Darryl Tymchuk’s turning point came when studying the apostles at Bible college.
“I started researching and nine years have passed since then. Every year I would learn more and more about the Catholic Church,” he said.
Despite his interest in the Church, he kept getting “cold feet”, especially considering the fact that he wanted to stay in Protestant ministry. A year ago, he was a pastor at the Hope Mission Community Church.
Learning more about Catholic teaching, he could not avoid the pull of the Church any longer. After much prayer and discernment, the Tymchuk family decided to join the Church.
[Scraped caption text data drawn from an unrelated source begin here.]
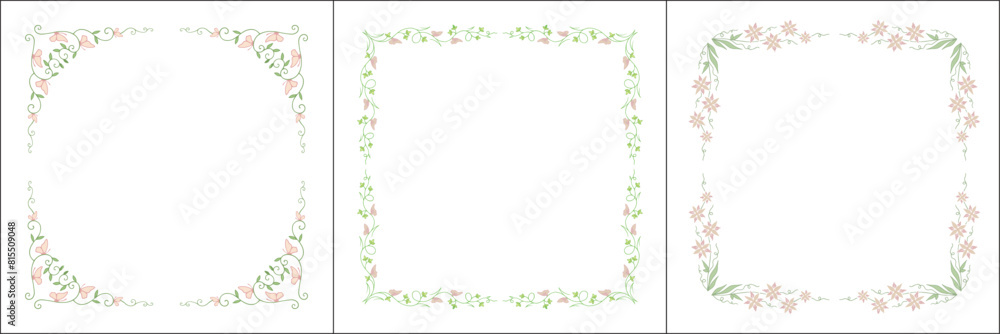 Set of three vegetal vector frames with pink flowers. Square frames. Vector frame for all sizes and formats. Isolated vector illustration. Set of three vegetal vector frames with pink flowers. Square frames. Vector frame for all sizes and formats. Isolated vector illustration.
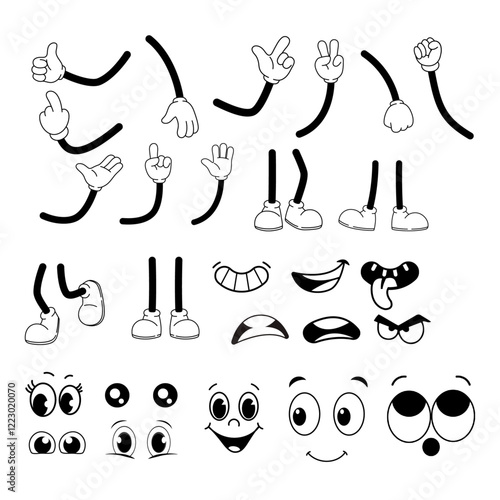 Icons Set Vintage foot, hand and face. Vector set Comic groovy hands in gloves, Retro legs and foot in shoes and funny emotion black and white. Different poses arm and feet. Body parts mascot. 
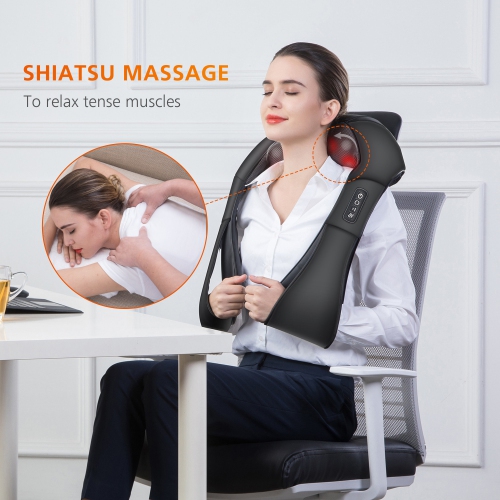 Snailax Shiatsu Neck and Shoulder Massager - Back Massager with Heat, Deep Kneading Electric massage pillow for Neck, Back, Shoulder,Foot Body Pain
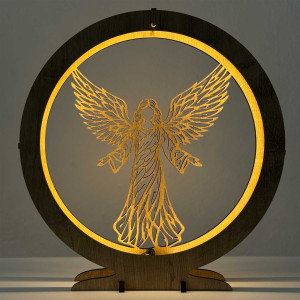 Elegantní dřevěná LED lampa anděl s teplým podsvícením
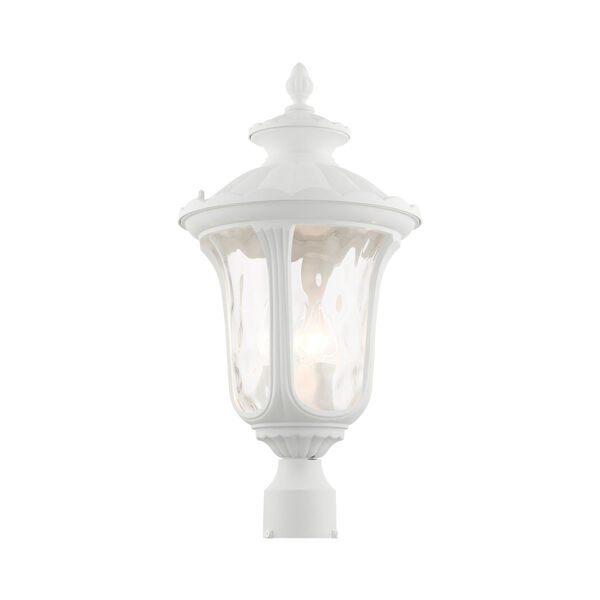 Oxford Textured White 11-Inch Three-Light Outdoor Post Lantern, image 4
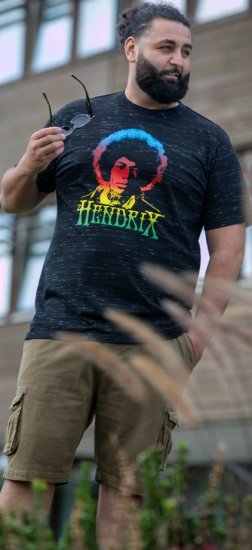 D555 Hendrix Official Jimi Hendrix Printed Crew Neck T-Shirt Black Reno - Tricouri cu trupe - 
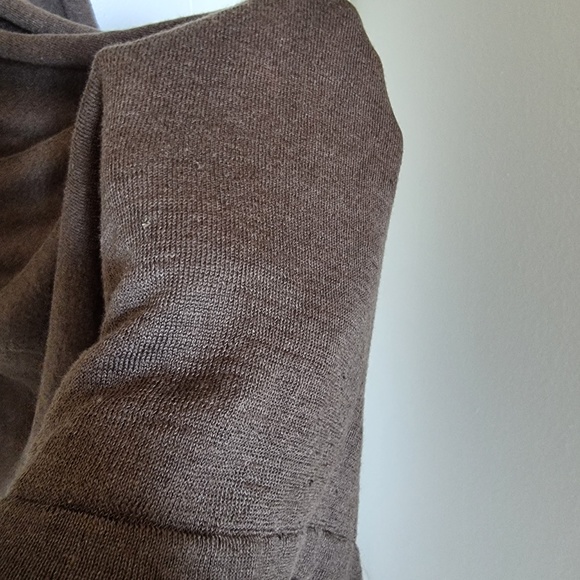 Massimo Dutti Maxi Dress Sz S Knit Khaki/Brown linen-cotton - Picture 7 of 8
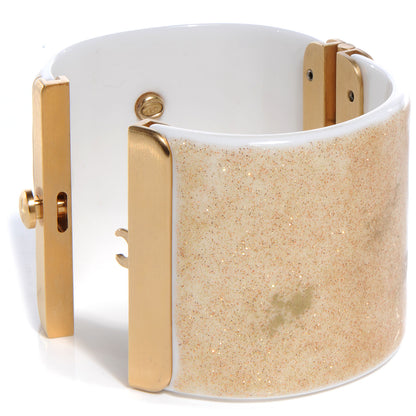 Chanel Resin Crystal CC Cuff Gold Glitter White 7 of 7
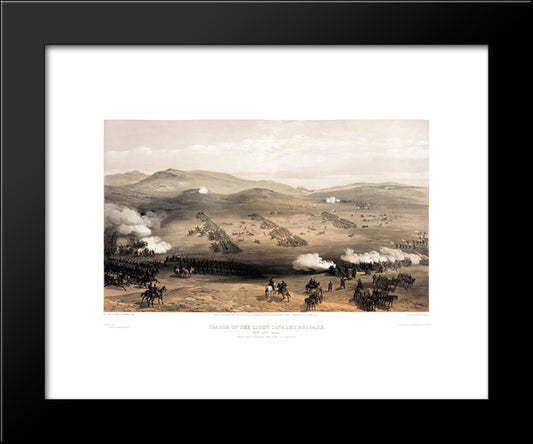 Charge Of The Light Cavalry Brigade, 25Th Oct. 1854, Under Major General The Earl Of Cardigan 20x24 Black Modern Wood Framed Art Print Poster by Simpson, William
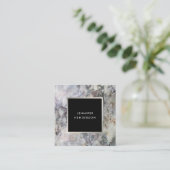 Modern grijs marmer zwart zilver professional vierkante visitekaartje (Staand voorkant)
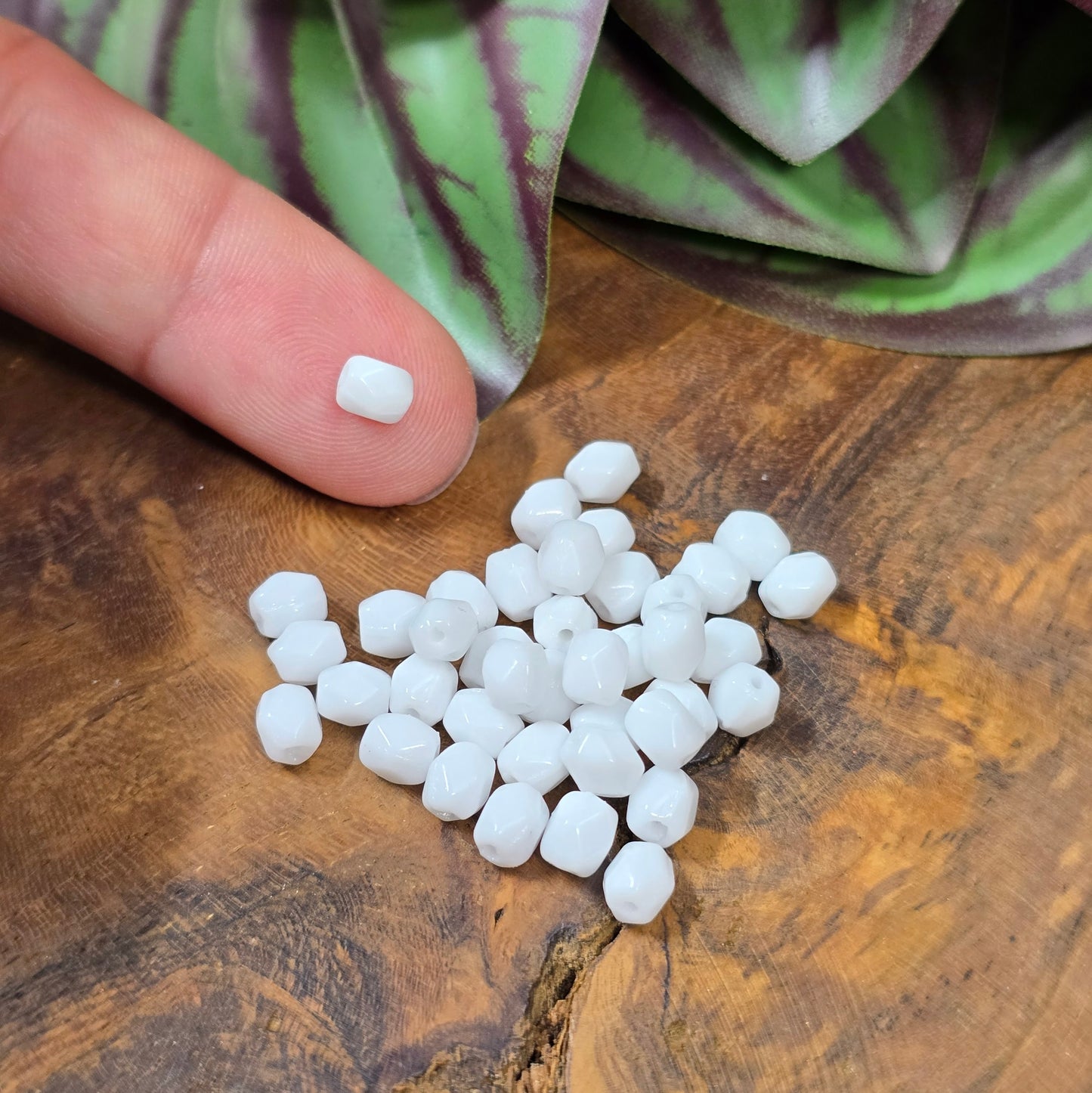 40 klassische Glasperlen in opakem Weiß (5 mm), oval & facettiert – aus Gablonz. Perfekt für elegante DIY-Schmuckideen, gut kombinierbar und vielseitig einsetzbar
He resigned from his position as a Protestant pastor to further his journey into the Catholic Church.
Today, he is the chaplain at Hope Mission for the Breakout Recovery Community, a supporting place for men seeking to break addictions.
Another candidate at the rite of election was Natasha Gunderson from St. Albert Parish. While Gunderson acknowledged that the Rite of Election is primarily for catechumens, she found the ceremony interesting and said it was nice to see the inside of the mother church, and the process behind the liturgical rite.
“I was baptized in another Christian denomination, but waited until I was ready to confirm and decided to confirm in the Catholic Church after attending with my husband,” said Gunderson.
“I kind of felt lost and wasn’t sure where I belonged. After attending with my husband, it was more like I remembered as a kid, and it kind of drew me back (to the Church).”